THESE are the times that try men's souls. The summer soldier and the sunshine patriot will, in this crisis, shrink from the service of their country; but he that stands by it now, deserves the love and thanks of man and woman. Tyranny, like hell, is not easily conquered; yet we have this consolation with us, that the harder the conflict, the more glorious the triumph. What we obtain too cheap, we esteem too lightly: it is dearness only that gives every thing its value. Heaven knows how to put a proper price upon its goods; and it would be strange indeed if so celestial an article as FREEDOM should not be highly rated. Britain, with an army to enforce her tyranny, has declared that she has a right (not only to TAX) but "to BIND us in ALL CASES WHATSOEVER" and if being bound in that manner, is not slavery, then is there not such a thing as slavery upon earth. Even the expression is impious; for so unlimited a power can belong only to God.

Thomas Paine, The American Crisis, No. 1, Dec 19, 1776 (published pamphlet), Dec 24, 1776 (Read to Washington's troops before crossing the Delaware for the Battle of Trenton).

The (not) Supreme Court by a 6-3 vote impowered a king, destroyed the "rule of law" and enacted a tenet of Project 2025 that Taraji P. Henson on the BET awards got to be the most searched term on the Internet. I placed it here for you to read it.

“We are in the process of the second American Revolution, which will remain bloodless—if the left allows it to be,” Roberts said, in front of a backdrop advertising the Heritage Foundation. You only have to read the forward - the abstract, or preamble if you will - to the 920-page document. Kevin D. Roberts list his terminal academic credentials as PhD in History from UT Austin. His threat wasn't even trying to be subtle, or coy.
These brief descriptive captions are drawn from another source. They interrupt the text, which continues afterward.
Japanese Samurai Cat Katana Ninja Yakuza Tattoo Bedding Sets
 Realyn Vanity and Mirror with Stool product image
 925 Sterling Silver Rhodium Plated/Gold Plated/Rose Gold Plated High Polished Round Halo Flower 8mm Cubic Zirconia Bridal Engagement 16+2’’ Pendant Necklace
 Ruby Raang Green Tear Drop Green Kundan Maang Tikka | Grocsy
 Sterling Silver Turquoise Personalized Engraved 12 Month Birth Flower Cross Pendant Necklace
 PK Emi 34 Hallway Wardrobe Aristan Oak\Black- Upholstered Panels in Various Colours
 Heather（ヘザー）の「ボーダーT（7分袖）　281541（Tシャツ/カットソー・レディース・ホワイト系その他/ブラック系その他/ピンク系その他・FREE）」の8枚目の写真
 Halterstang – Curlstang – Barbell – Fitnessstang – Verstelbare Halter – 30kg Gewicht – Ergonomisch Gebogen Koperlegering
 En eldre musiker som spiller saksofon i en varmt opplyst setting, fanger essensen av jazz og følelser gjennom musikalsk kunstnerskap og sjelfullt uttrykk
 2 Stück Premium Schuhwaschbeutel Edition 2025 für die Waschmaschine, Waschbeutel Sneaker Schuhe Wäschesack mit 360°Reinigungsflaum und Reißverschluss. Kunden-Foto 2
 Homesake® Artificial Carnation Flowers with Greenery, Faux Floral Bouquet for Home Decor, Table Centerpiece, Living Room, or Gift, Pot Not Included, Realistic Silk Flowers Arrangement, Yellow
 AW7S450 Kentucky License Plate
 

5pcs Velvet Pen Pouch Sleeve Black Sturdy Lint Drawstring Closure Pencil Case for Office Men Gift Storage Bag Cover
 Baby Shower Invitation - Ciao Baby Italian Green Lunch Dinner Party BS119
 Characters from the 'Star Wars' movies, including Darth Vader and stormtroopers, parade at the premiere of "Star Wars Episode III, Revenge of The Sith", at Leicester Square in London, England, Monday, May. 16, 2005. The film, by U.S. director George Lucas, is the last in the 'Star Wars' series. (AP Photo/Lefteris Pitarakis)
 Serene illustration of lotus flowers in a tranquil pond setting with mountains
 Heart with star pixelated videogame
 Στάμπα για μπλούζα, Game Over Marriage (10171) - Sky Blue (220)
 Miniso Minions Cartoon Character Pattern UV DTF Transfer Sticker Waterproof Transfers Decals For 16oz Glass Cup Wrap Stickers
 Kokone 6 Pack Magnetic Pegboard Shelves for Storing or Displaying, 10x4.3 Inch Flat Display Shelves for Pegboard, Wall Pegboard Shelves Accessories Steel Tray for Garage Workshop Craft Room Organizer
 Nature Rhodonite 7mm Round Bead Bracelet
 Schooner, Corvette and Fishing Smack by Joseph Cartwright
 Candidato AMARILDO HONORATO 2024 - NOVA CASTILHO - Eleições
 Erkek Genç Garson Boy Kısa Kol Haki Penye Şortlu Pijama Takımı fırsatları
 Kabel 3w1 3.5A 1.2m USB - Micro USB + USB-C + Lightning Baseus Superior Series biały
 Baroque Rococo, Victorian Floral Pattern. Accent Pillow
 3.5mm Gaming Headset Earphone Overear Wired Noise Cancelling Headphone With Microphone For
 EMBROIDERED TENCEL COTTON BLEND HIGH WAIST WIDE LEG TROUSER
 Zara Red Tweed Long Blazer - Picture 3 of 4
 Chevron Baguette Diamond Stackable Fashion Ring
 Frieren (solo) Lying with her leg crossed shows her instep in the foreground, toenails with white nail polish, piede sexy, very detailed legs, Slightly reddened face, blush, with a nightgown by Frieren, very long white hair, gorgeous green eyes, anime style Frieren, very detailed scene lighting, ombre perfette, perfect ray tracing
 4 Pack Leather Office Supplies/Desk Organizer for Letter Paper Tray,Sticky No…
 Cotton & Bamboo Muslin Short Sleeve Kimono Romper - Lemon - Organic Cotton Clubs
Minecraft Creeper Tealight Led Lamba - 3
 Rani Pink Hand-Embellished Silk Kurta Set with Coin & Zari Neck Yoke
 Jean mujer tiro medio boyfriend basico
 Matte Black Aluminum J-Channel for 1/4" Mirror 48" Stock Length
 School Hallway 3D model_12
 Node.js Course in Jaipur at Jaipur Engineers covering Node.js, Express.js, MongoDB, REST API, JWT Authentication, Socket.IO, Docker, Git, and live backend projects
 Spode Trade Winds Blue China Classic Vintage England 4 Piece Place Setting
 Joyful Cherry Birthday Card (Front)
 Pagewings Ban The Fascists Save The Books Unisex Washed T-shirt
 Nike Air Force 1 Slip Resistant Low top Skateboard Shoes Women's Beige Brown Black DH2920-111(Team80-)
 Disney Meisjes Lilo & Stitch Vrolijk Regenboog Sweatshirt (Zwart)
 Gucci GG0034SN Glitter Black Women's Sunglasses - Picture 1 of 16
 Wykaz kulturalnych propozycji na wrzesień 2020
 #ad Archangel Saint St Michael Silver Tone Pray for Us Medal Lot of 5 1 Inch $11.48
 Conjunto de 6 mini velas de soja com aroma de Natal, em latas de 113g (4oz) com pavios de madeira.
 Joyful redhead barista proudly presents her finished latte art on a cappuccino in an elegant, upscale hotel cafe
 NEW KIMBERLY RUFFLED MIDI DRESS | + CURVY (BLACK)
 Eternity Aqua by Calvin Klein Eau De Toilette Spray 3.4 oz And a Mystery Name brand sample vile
Like William Luther Pierce, a PhD in Physics and author of the Neo-Nazi Turner Diaries that inspired Timothy McVeigh and Terry Nichols, having a PhD doesn't make you moral, ethical, or intelligent.

Conservative Behind Trump Agenda Issues Cryptic Threat to Liberals, Talia Jane, Yahoo News/The New Republic

I'm tired too. But psychopaths don't take holidays, and not only democracy, but the planet will be impacted by the next election, and who wields now, god-like powers. My prediction is that the Insurrection Act will be invoked by the next president, either to quell another cosplay/Civil War/January 6 redux, or to imprison citizens, "disappear them" by deportation, or into American Gulags like Gitmo and black sites we thankfully have never heard of.

We are in a modern American Crisis, and the future will be shaped by what we do, win, or lose, in the next few months. We are not voting for a candidate, we are voting for Democracy, "Life, Liberty, and the Pursuit of Happiness." Those words should matter.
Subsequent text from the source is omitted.